(ABOUT THIS TASK) Please print all of the records that follow with nothing altered.

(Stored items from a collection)
########################################

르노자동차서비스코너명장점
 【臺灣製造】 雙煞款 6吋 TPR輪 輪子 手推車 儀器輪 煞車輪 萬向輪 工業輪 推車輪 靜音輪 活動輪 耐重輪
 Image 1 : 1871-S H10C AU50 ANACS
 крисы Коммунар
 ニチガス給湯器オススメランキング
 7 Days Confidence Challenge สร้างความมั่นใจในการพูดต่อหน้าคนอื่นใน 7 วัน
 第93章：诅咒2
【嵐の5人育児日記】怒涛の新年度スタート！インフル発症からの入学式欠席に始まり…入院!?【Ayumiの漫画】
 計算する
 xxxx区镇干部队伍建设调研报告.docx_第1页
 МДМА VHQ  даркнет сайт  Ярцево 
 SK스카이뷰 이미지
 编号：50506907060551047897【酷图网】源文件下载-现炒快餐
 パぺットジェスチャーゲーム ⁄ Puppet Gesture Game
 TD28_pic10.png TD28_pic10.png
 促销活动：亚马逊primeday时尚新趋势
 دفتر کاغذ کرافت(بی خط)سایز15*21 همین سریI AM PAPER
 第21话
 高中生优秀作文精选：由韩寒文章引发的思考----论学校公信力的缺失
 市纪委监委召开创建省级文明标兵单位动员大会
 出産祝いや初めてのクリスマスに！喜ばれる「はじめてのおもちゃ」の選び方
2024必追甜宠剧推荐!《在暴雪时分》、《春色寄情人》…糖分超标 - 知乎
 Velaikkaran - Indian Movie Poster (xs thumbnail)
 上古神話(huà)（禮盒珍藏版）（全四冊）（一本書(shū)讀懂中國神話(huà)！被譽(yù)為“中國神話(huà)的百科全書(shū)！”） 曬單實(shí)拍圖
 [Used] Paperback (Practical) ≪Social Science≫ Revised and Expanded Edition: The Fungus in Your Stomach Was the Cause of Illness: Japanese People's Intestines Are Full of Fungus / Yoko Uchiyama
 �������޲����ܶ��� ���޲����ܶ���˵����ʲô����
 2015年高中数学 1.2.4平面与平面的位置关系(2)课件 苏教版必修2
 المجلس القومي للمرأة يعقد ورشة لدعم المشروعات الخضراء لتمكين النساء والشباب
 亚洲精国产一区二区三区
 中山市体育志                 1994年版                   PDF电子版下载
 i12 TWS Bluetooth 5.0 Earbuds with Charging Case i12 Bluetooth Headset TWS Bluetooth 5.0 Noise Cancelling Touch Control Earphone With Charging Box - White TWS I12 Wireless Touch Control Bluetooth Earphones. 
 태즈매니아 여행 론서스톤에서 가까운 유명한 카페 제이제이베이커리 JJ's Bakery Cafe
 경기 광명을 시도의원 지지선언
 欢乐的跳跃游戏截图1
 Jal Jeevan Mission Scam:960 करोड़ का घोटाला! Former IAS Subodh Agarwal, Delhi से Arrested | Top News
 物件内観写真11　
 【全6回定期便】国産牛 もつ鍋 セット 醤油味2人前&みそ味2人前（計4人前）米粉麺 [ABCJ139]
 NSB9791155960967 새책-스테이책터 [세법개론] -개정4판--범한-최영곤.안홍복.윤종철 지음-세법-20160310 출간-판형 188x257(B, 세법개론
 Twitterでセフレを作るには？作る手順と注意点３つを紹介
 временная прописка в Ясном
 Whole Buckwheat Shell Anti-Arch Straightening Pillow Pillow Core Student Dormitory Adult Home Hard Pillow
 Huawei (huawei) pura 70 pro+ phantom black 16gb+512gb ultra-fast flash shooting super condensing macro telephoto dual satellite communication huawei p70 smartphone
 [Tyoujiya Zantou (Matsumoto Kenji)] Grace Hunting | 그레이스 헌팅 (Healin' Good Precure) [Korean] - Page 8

########################################

(RESPONSE BOX)
르노자동차서비스코너명장점
 【臺灣製造】 雙煞款 6吋 TPR輪 輪子 手推車 儀器輪 煞車輪 萬向輪 工業輪 推車輪 靜音輪 活動輪 耐重輪
 Image 1 : 1871-S H10C AU50 ANACS
 крисы Коммунар
 ニチガス給湯器オススメランキング
 7 Days Confidence Challenge สร้างความมั่นใจในการพูดต่อหน้าคนอื่นใน 7 วัน
 第93章：诅咒2
【嵐の5人育児日記】怒涛の新年度スタート！インフル発症からの入学式欠席に始まり…入院!?【Ayumiの漫画】
 計算する
 xxxx区镇干部队伍建设调研报告.docx_第1页
 МДМА VHQ  даркнет сайт  Ярцево 
 SK스카이뷰 이미지
 编号：50506907060551047897【酷图网】源文件下载-现炒快餐
 パぺットジェスチャーゲーム ⁄ Puppet Gesture Game
 TD28_pic10.png TD28_pic10.png
 促销活动：亚马逊primeday时尚新趋势
 دفتر کاغذ کرافت(بی خط)سایز15*21 همین سریI AM PAPER
 第21话
 高中生优秀作文精选：由韩寒文章引发的思考----论学校公信力的缺失
 市纪委监委召开创建省级文明标兵单位动员大会
 出産祝いや初めてのクリスマスに！喜ばれる「はじめてのおもちゃ」の選び方
2024必追甜宠剧推荐!《在暴雪时分》、《春色寄情人》…糖分超标 - 知乎
 Velaikkaran - Indian Movie Poster (xs thumbnail)
 上古神話(huà)（禮盒珍藏版）（全四冊）（一本書(shū)讀懂中國神話(huà)！被譽(yù)為“中國神話(huà)的百科全書(shū)！”） 曬單實(shí)拍圖
 [Used] Paperback (Practical) ≪Social Science≫ Revised and Expanded Edition: The Fungus in Your Stomach Was the Cause of Illness: Japanese People's Intestines Are Full of Fungus / Yoko Uchiyama
 �������޲����ܶ��� ���޲����ܶ���˵����ʲô����
 2015年高中数学 1.2.4平面与平面的位置关系(2)课件 苏教版必修2
 المجلس القومي للمرأة يعقد ورشة لدعم المشروعات الخضراء لتمكين النساء والشباب
 亚洲精国产一区二区三区
 中山市体育志                 1994年版                   PDF电子版下载
 i12 TWS Bluetooth 5.0 Earbuds with Charging Case i12 Bluetooth Headset TWS Bluetooth 5.0 Noise Cancelling Touch Control Earphone With Charging Box - White TWS I12 Wireless Touch Control Bluetooth Earphones. 
 태즈매니아 여행 론서스톤에서 가까운 유명한 카페 제이제이베이커리 JJ's Bakery Cafe
 경기 광명을 시도의원 지지선언
 欢乐的跳跃游戏截图1
 Jal Jeevan Mission Scam:960 करोड़ का घोटाला! Former IAS Subodh Agarwal, Delhi से Arrested | Top News
 物件内観写真11　
 【全6回定期便】国産牛 もつ鍋 セット 醤油味2人前&みそ味2人前（計4人前）米粉麺 [ABCJ139]
 NSB9791155960967 새책-스테이책터 [세법개론] -개정4판--범한-최영곤.안홍복.윤종철 지음-세법-20160310 출간-판형 188x257(B, 세법개론
 Twitterでセフレを作るには？作る手順と注意点３つを紹介
 временная прописка в Ясном
 Whole Buckwheat Shell Anti-Arch Straightening Pillow Pillow Core Student Dormitory Adult Home Hard Pillow
 Huawei (huawei) pura 70 pro+ phantom black 16gb+512gb ultra-fast flash shooting super condensing macro telephoto dual satellite communication huawei p70 smartphone
 [Tyoujiya Zantou (Matsumoto Kenji)] Grace Hunting | 그레이스 헌팅 (Healin' Good Precure) [Korean] - Page 8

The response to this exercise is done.